DATASET RECORDS:

::::

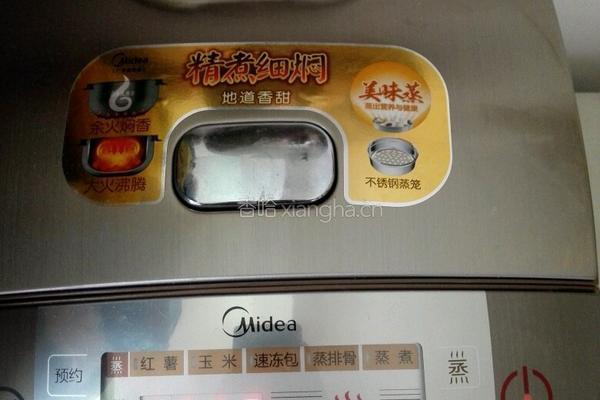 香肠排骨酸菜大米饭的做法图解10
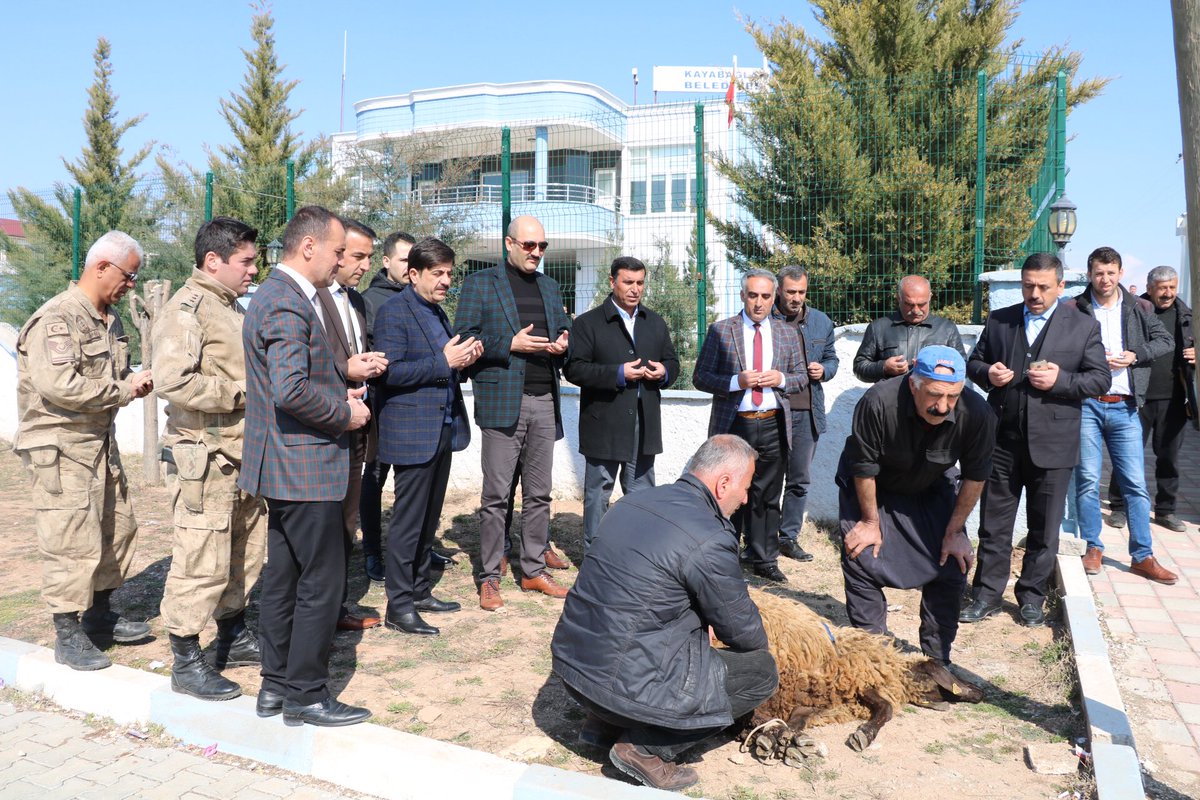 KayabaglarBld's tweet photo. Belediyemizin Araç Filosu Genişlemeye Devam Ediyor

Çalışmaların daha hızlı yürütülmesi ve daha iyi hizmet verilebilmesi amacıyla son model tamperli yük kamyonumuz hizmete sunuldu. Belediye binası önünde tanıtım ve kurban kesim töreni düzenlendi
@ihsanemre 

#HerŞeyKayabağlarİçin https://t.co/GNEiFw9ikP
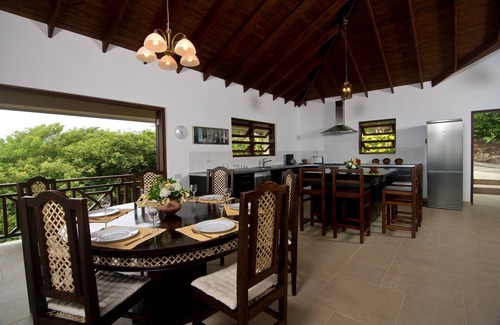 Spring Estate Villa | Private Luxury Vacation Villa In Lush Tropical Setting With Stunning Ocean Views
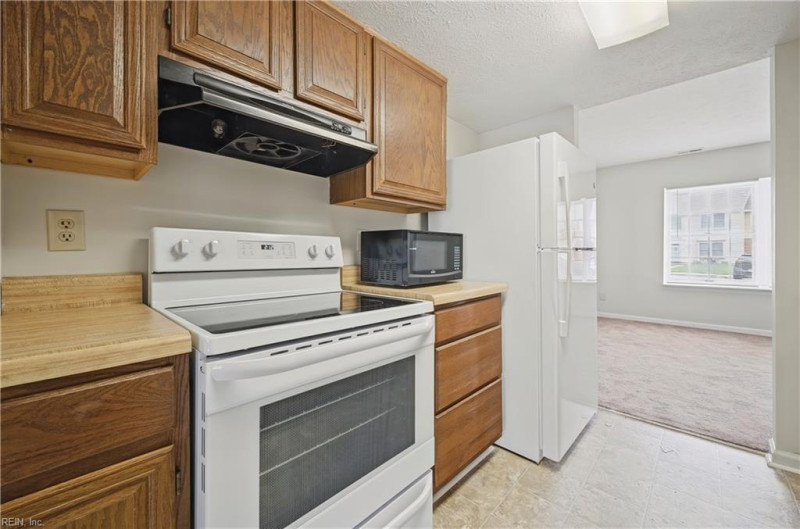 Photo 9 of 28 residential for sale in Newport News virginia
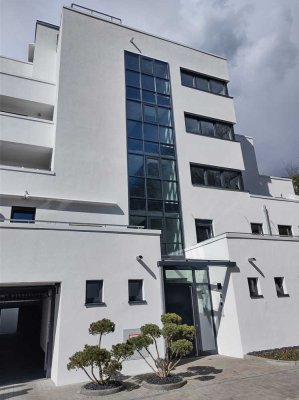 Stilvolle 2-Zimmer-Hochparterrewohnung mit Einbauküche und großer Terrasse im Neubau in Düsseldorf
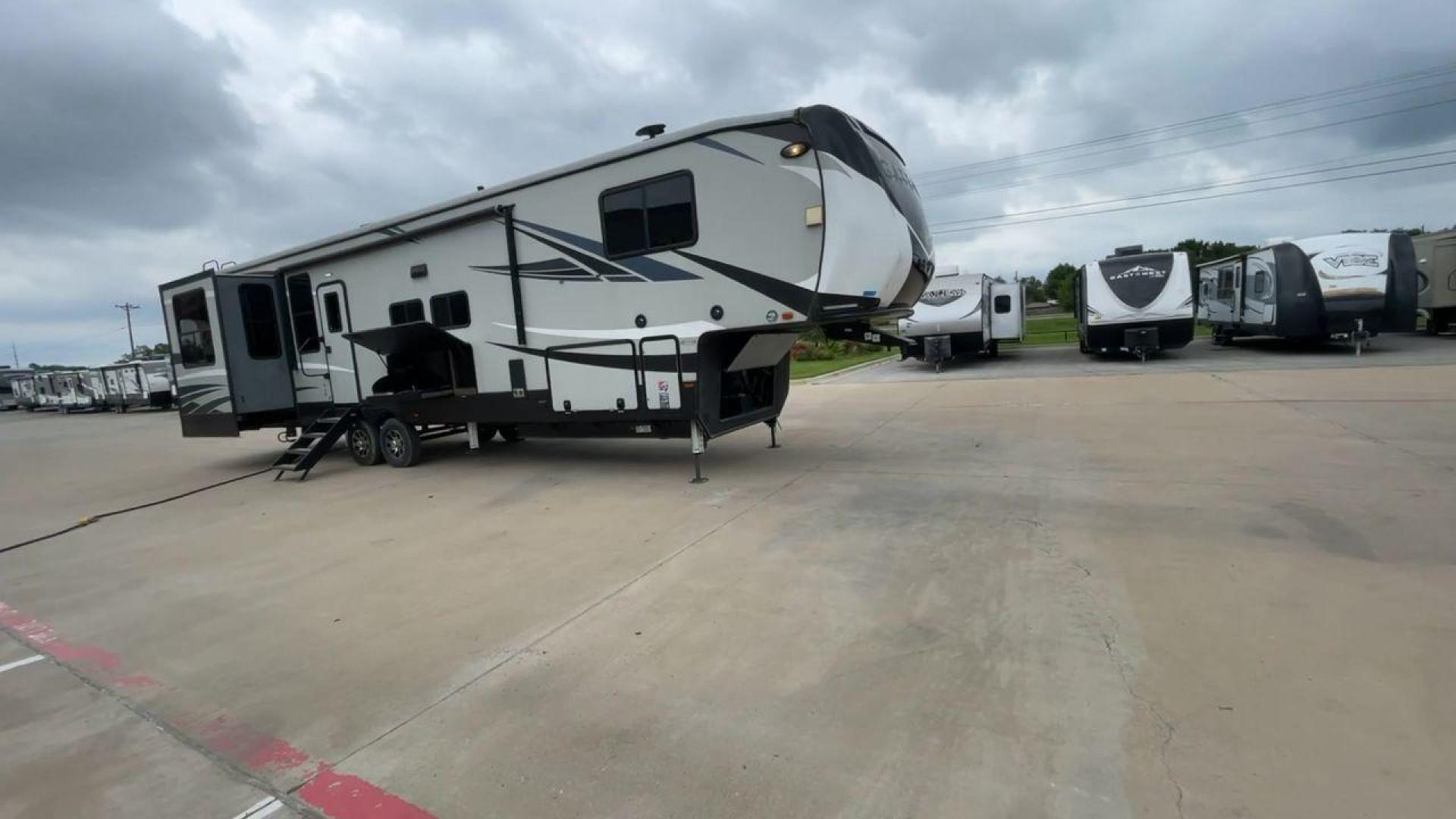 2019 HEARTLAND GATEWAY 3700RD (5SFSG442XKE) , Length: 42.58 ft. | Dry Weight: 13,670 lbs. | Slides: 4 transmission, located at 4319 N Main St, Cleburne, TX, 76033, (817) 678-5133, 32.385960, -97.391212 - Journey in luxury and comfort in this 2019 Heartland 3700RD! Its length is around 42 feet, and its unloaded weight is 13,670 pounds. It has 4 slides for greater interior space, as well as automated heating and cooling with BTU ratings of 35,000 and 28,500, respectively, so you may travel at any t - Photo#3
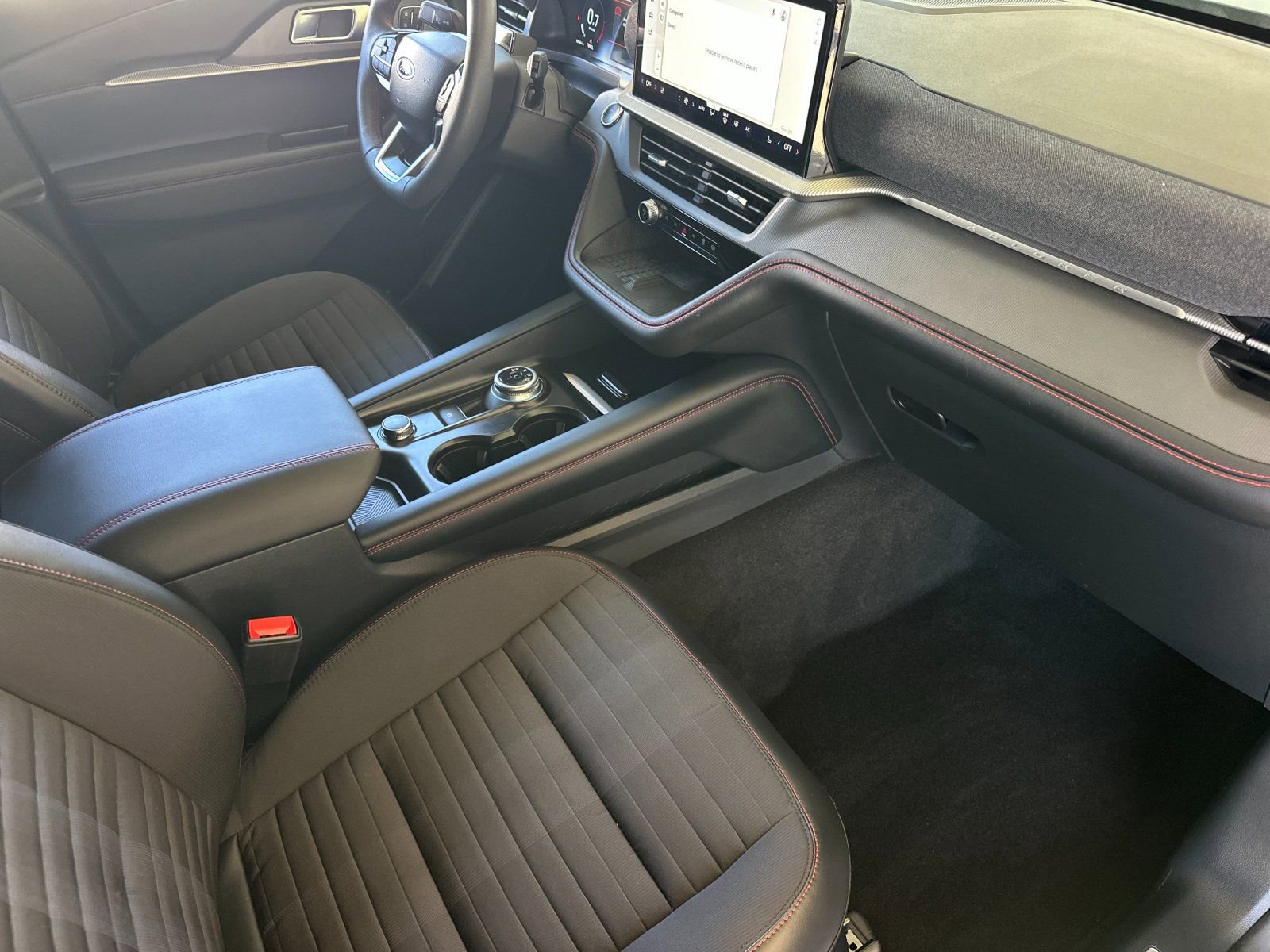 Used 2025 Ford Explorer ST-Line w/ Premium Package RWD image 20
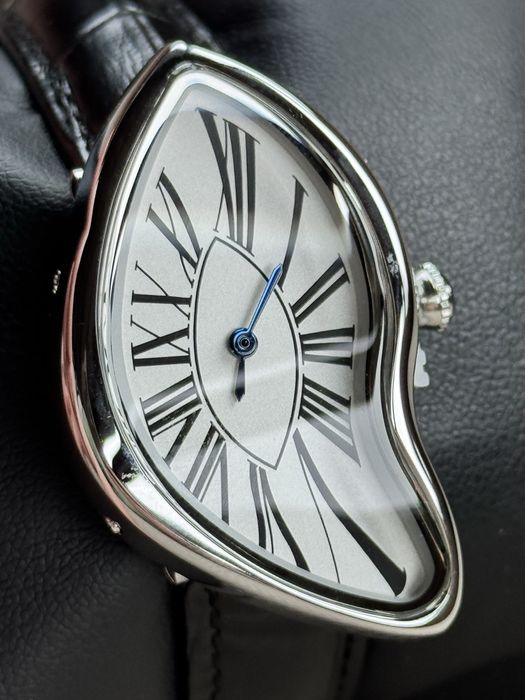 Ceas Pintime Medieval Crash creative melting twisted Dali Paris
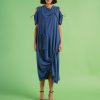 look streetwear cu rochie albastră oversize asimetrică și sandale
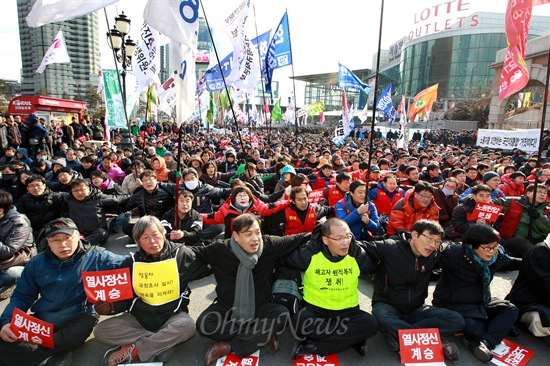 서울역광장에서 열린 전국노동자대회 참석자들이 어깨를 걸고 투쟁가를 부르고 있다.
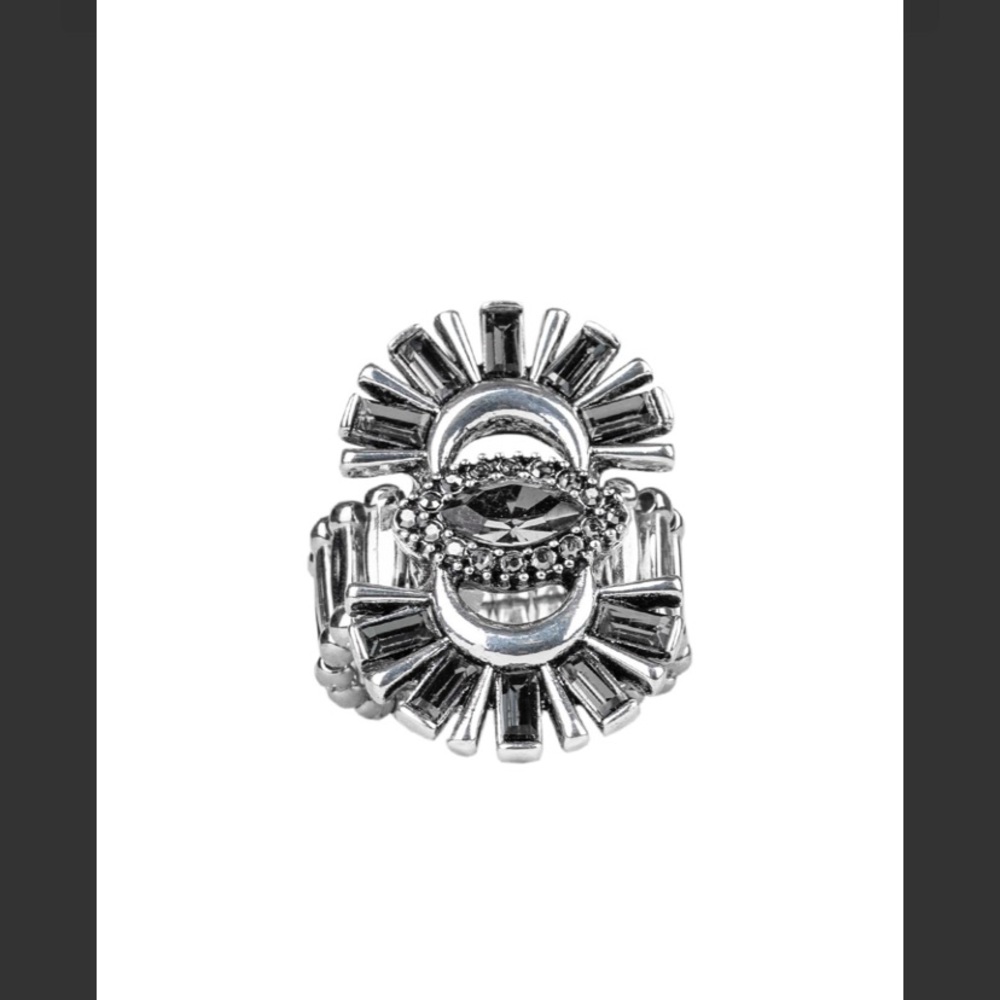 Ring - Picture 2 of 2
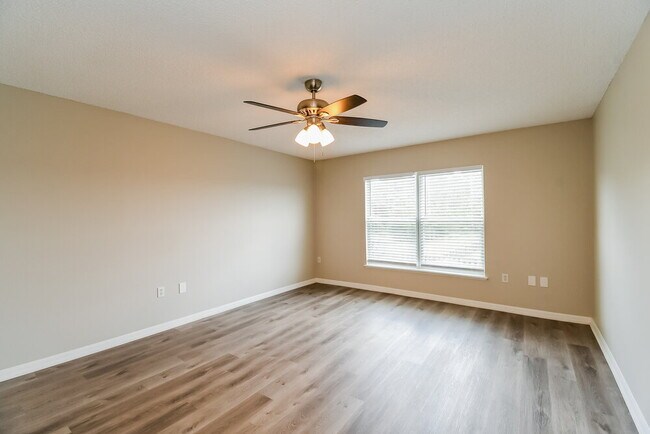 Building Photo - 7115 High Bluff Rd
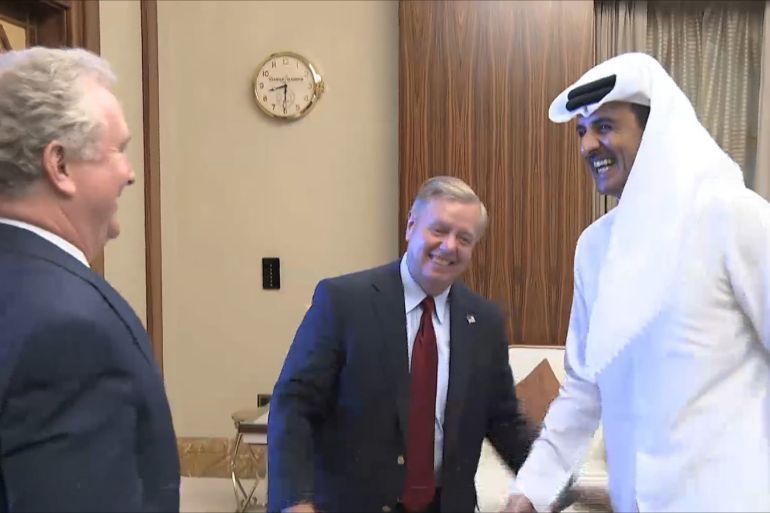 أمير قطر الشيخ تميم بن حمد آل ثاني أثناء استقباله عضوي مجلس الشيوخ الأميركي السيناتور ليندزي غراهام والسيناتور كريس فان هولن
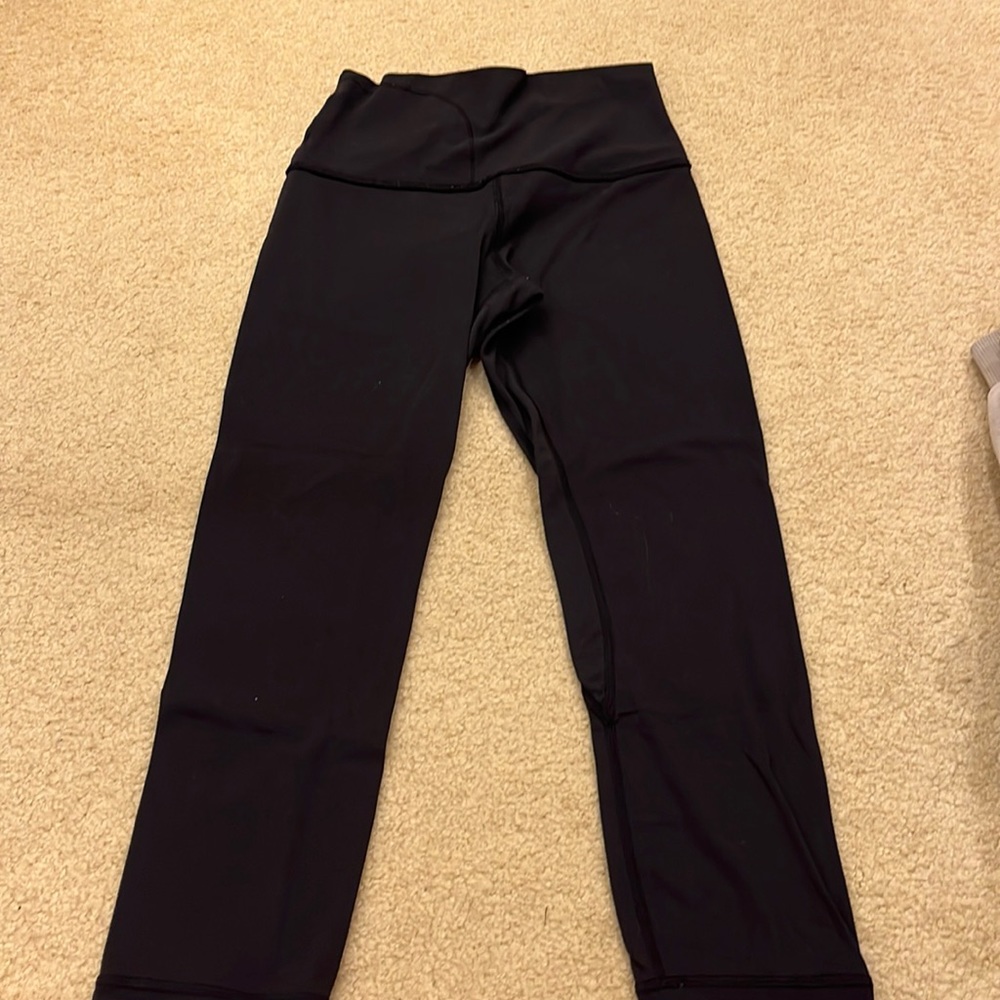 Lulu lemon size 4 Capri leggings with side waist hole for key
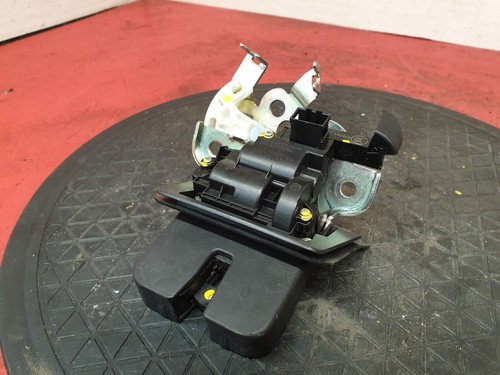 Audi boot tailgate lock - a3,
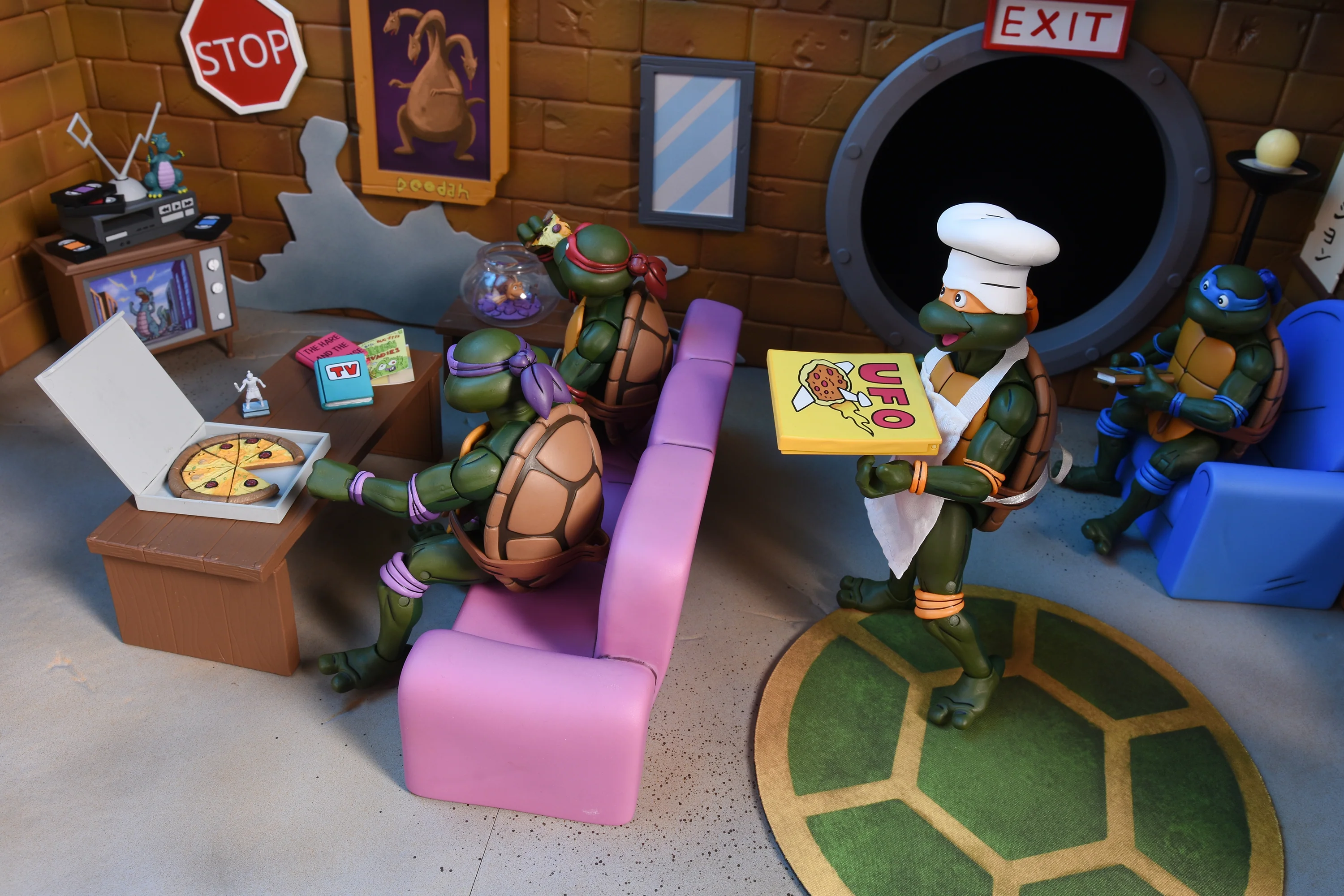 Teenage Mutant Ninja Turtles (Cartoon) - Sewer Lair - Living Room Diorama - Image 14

::::

WORK ITEM:
Transcribe the listing above exactly, but only from the line with "Çalışmaların daha hızlı" through the line with "Spring Estate Villa". Include both of those lines and omit the pictures.

REPLY TO THE TASK:
Çalışmaların daha hızlı yürütülmesi ve daha iyi hizmet verilebilmesi amacıyla son model tamperli yük kamyonumuz hizmete sunuldu. Belediye binası önünde tanıtım ve kurban kesim töreni düzenlendi
@ihsanemre 

#HerŞeyKayabağlarİçin https://t.co/GNEiFw9ikP
 Spring Estate Villa | Private Luxury Vacation Villa In Lush Tropical Setting With Stunning Ocean Views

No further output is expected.